Was sent to the Yenisei Correctional Labour Camp; here he worked as a topographer, then as head of the literary part of the camp theater. Shtilmark sat in the 33rd, 25th and 10th columns near Janov Stan. Released in 1953, he first settled in Yeniseisk. Fully rehabilitated in 1955, then he lived in Moscow.

===The Heir From Calcutta===
Shtilmark is the author of the adventure novel The Heir From Calcutta, commissioned by the crime boss Vasily Vasilevsky. The latter hoped to send Stalin a novel under his own name and receive an amnesty for it.

Work on the creation of the novel took a year and two months; it was completed on July 15, 1951. While Shtilmark was writing the novel, Vasilevsky needed him. When the novel was finished, Vasilevsky decided to eliminate Shtilmark to appropriate the authorship. Vasilevsky turned to professional killers. By a lucky coincidence, the murder did not take place: the bed on which Shtilmark was supposed to lie was torn apart at night, torn to pieces, the blanket was punctured in several places, and the pillow was cut with an ax. A second attempt on his life did not take place, since at that moment the fate of the writer brought Shtilmark to the criminal, and in the future by the famous writer Mikhail Demin, who, using his authority among the thieves, warned Vasilevsky not to touch Shtilmark again. Demin described the details of the failed murder in his autobiographical novel Thug.

Vasilevsky signed the text with two surnames – his own and Shtilmark, and sent the novel to Moscow, the writer's son. In Moscow, the manuscript was lost, and only after a long search did Shtilmark manage to find it.

The novel has received rave reviews from several well–known writers, including Ivan Efremov. It was first published in 1958 by the Children's State Publishing House (in the Library of Adventures and Science Fiction series) and immediately went through several reprints (in Irkutsk, Alma–Ata).

In 1959, Vasilevsky, also released under an amnesty, tried to sue himself half of the fees, but it turned out that Shtilmark had prudently embedded a cipher text into one of the chapters of the novel, proving his authorship.

A new wave of interest in the novel came during 1989 to 1993.

===Last years===
From 1970 to 1981, Shtilmark worked on his autobiographical chronicle A Handful of Light, part of which was first published in his four–volume collected works in 2001. Shtilmark, despite the lack of money and great ability to work, treated everything that came out of his pen with high exactingness, as a result of which most of his plans were not completed and remained either in drafts or in the memory of the audience (Shtilmark was recognized as an excellent storyteller): novels "The Gem of Feroniera", "Koptevskiy Gentleman", stories about the artists Pavel Korin and Mikhail Nesterov. Stories "The Feat of Love" (about Vladimir Dal) and "The Winged Prisoner" (another name: "The Fighter Seeks Battle"; about the honored pilot Vyacheslav Valentey who escaped from Nazi captivity), as well as an extensive epistolary legacy remained unpublished.

In the late 1970s, Shtilmark married Alexandra Shtilmark, née Zernova. In this marriage, a daughter, Maria Shtilmark, and a son, Alexander Shtilmark, were born.

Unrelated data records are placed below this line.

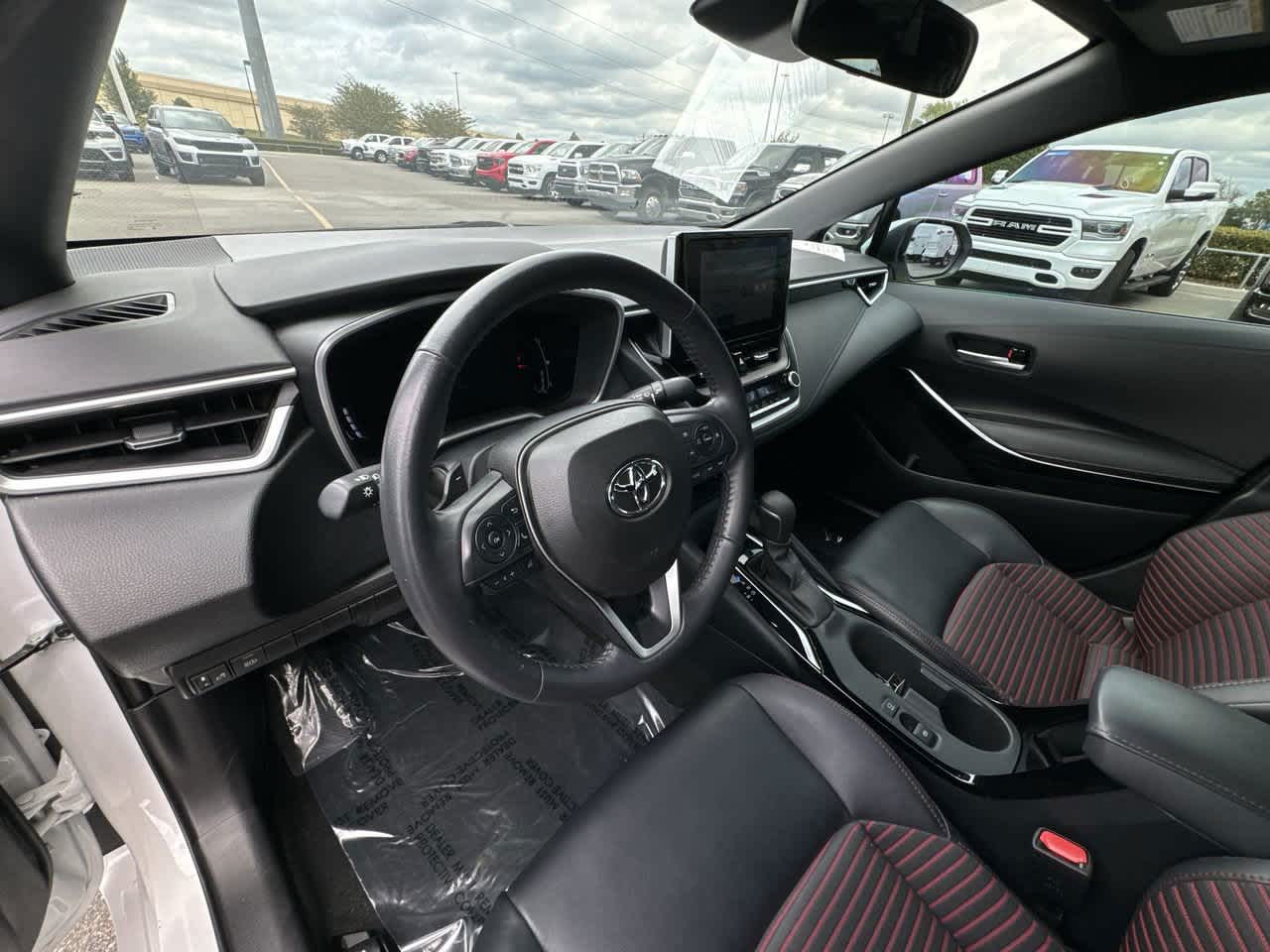 Thumbnail: 2023 Toyota Corolla - 12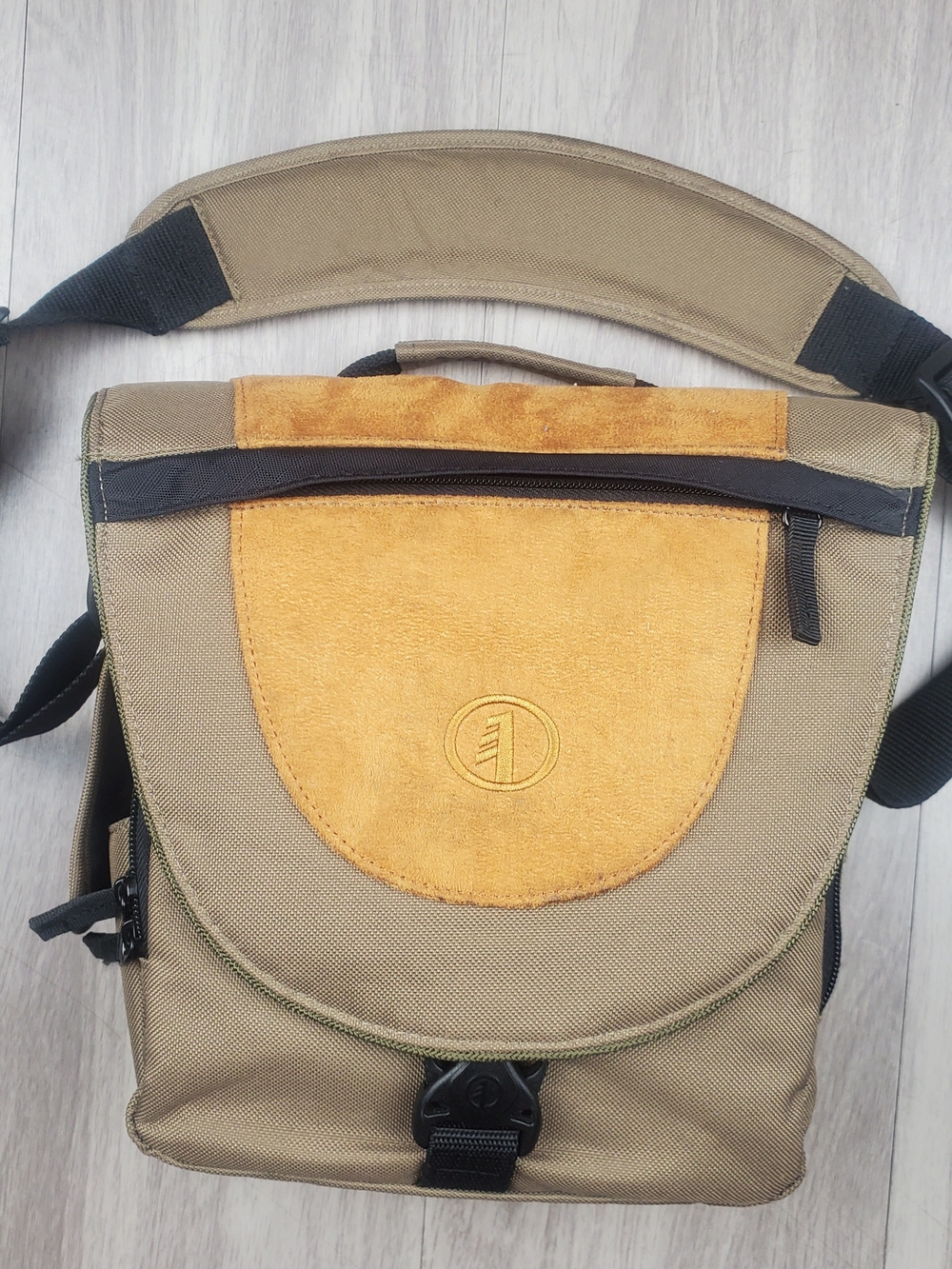 Tamrac Vintage DSLR Camera Shoulder Bag Tan Canvas Padded Dividers Case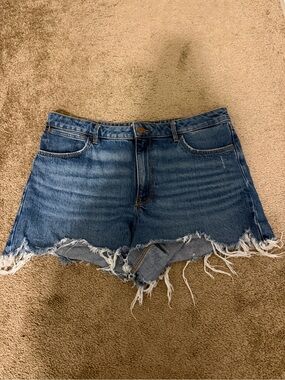 Wrangler Raw-Hem Medium Blue Denim Cutoff Shorts
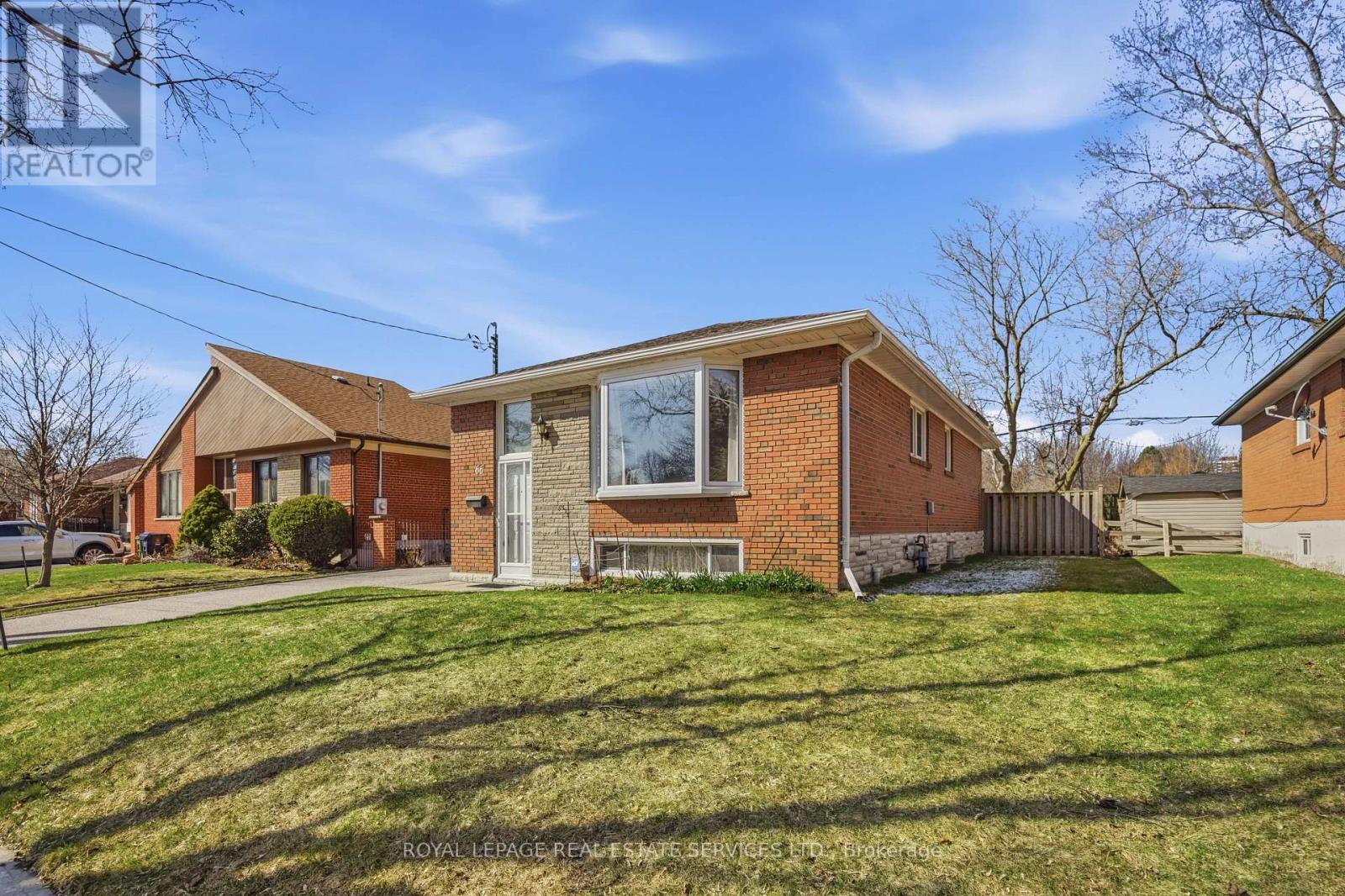 66 Melchior Drive, Toronto, Ontario  M1E 3W5 - Photo 2 - E12853686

Robert Shtilmark died on September 30, 1985. He was buried at the Vvedenskoye Cemetery (section 14).

==Bibliography==
- Robert Shtilmark (1932). "Drainage of the Sea (Holland)"
- Robert Shtilmark. Heir From Calcutta – Moscow: Children's State Publishing House, 1958 – 840 Pages
- Robert Shtilmark. The Story of the Russian Wanderer (based on a memoir by Vasily Baranshchikov) – Moscow: State Publishing House of Geographical Literature, 1962 – 240 Pages
- Robert Shtilmark (1967). "Images of Russia"
- Robert Shtilmark. Passenger on the Last Flight – Moscow: Young Guard, 1974
- Robert Shtilmark. The Ringing Bell of Russia: Herzen. Pages of Life – Moscow, 1976
- Robert Shtilmark. Beyond the Moscow River: Alexander Ostrovsky. Pages of Life – Moscow, 1983
- Robert Shtilmark (2001). "A Handful of Light. Chronicle Novel in Two Parts"

==Sources==
- Robert Shtilmark. "And Here I Am Sitting in the Turukhansk Territory" in the Magazine "Polar Horizons", No. 3, 1990
- Felix Shtilmark (1993). "Robert Shtilmark. Heir From Calcutta" Biography of the Author and His Main Book.